Records drawn from a dataset:
--------------------------------
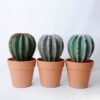 Artificial succulent 14*14*25.5CM Cactus in plastic pot GS-45219104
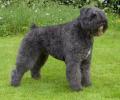 BOUVIER DES FLANDRES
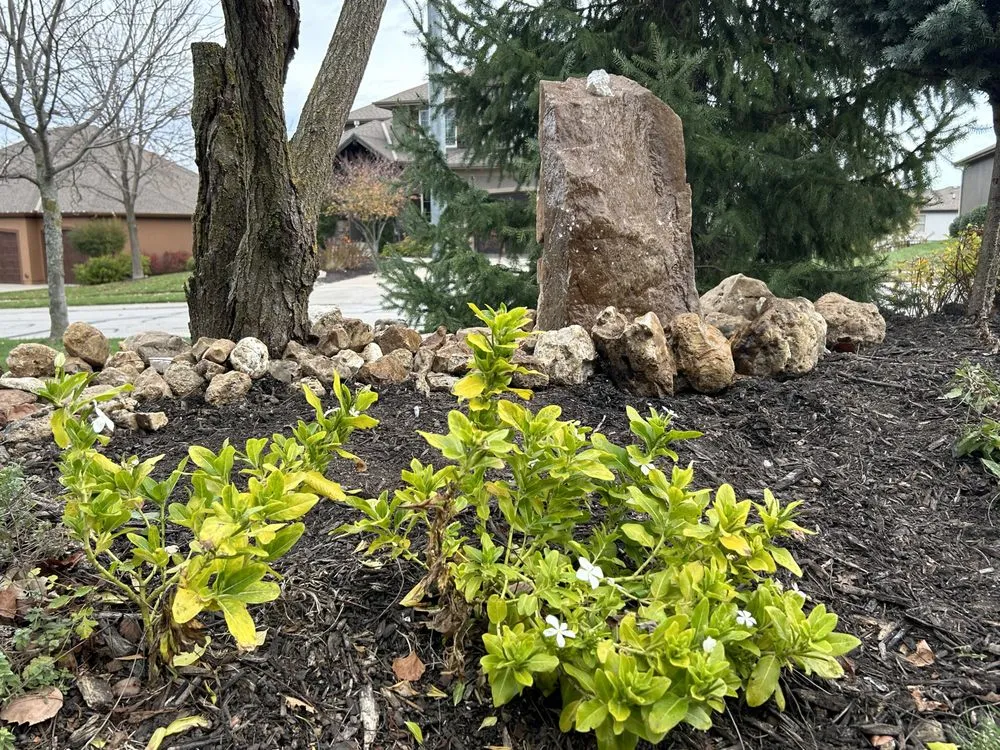 Affordable lawn care service in Kansas City, MO - SK Lawn Care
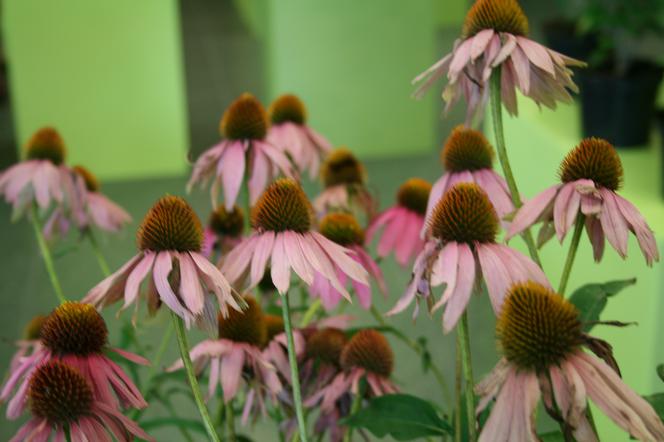 Jeżówka purpurowa  ‘Kim’s Knee High' - Echinacea purpurea ‘Kim’s Knee High’ 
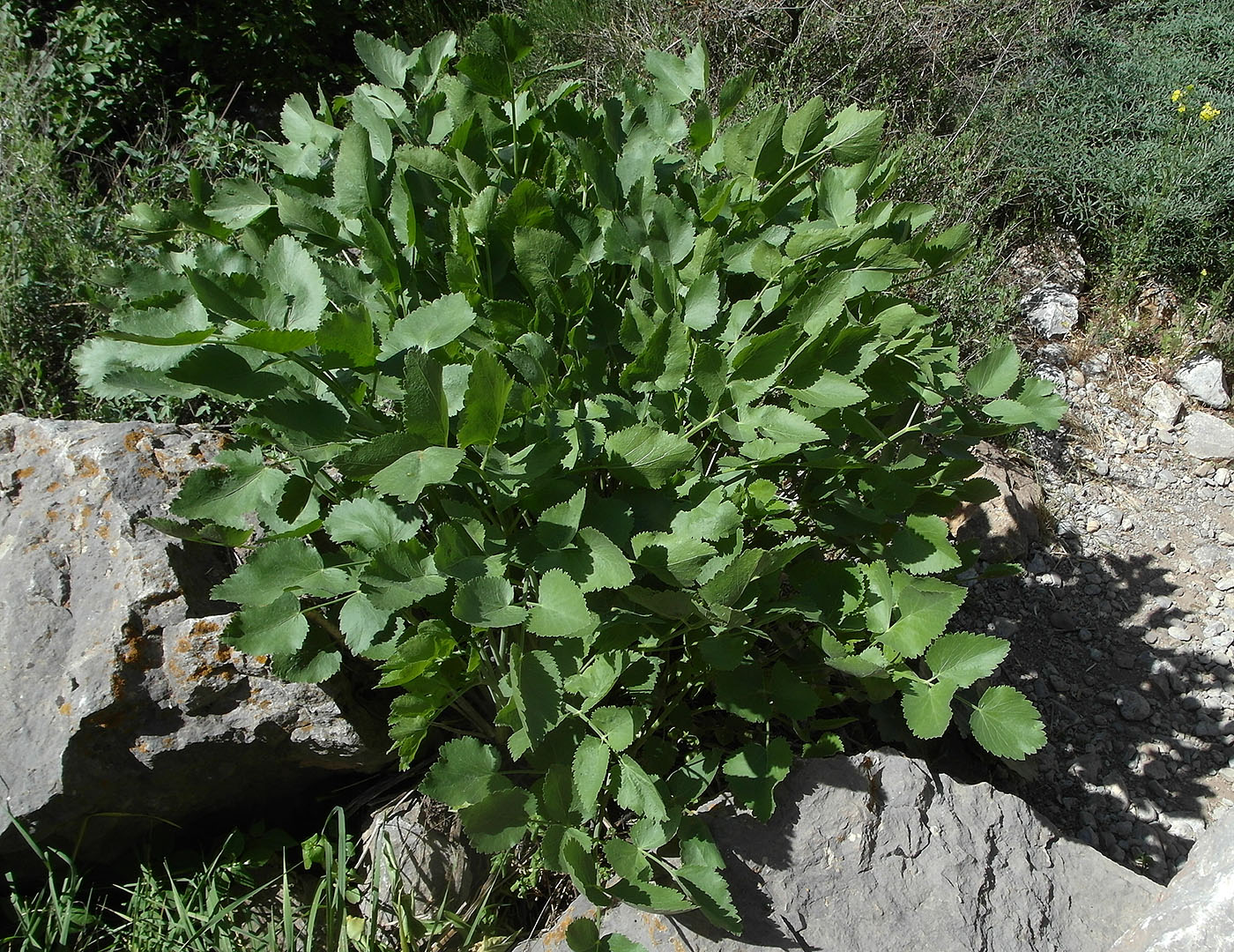 Image of Mediasia macrophylla specimen.
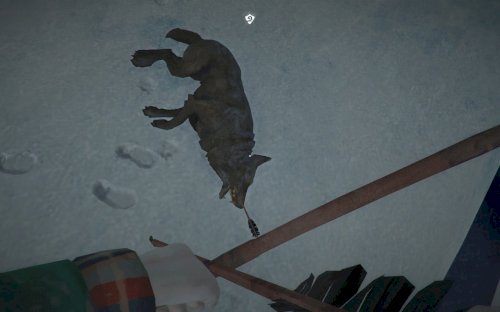 Screenshot of The Long Dark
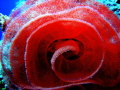 Underwater rose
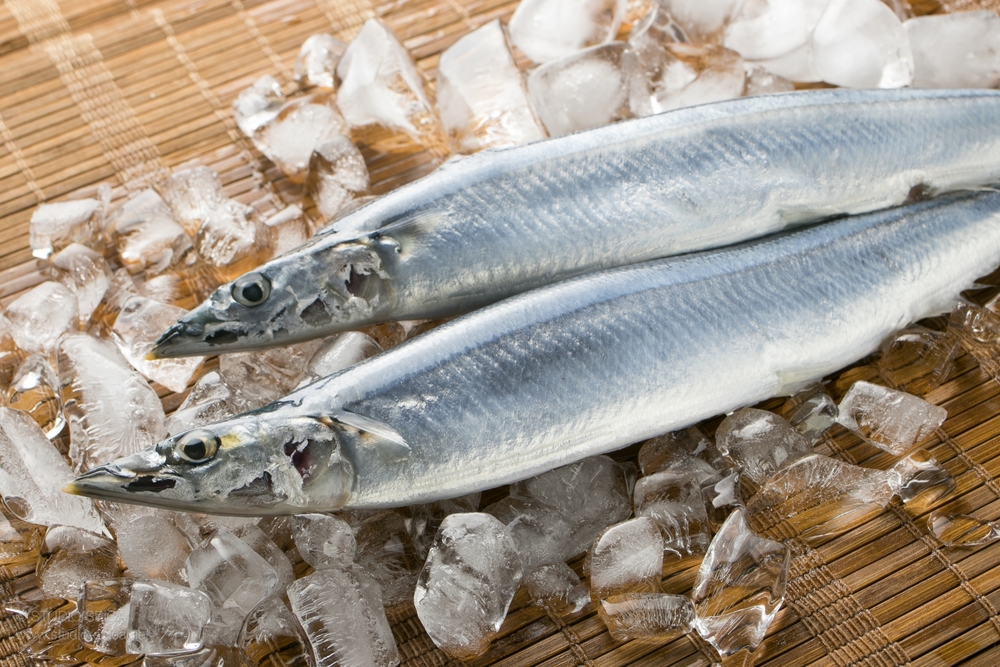 秋刀魚 さんま の旬の時期 季節は 栄養価は 選び方やさばき方 レシピを紹介 ちそう
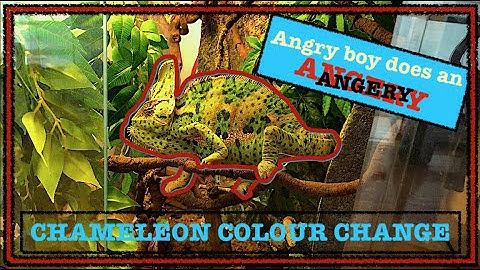ANGRY Chameleon Changes Colour right in front of your eyes!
--------------------------------
Description of the task →
Please output the lines of the records above from the one with "Screenshot of The Long Dark" through the last, exactly as they appear and with both ends included; skip any pictures and add nothing.

Solution to this problem →
 Screenshot of The Long Dark
 Underwater rose
 秋刀魚 さんま の旬の時期 季節は 栄養価は 選び方やさばき方 レシピを紹介 ちそう
ANGRY Chameleon Changes Colour right in front of your eyes!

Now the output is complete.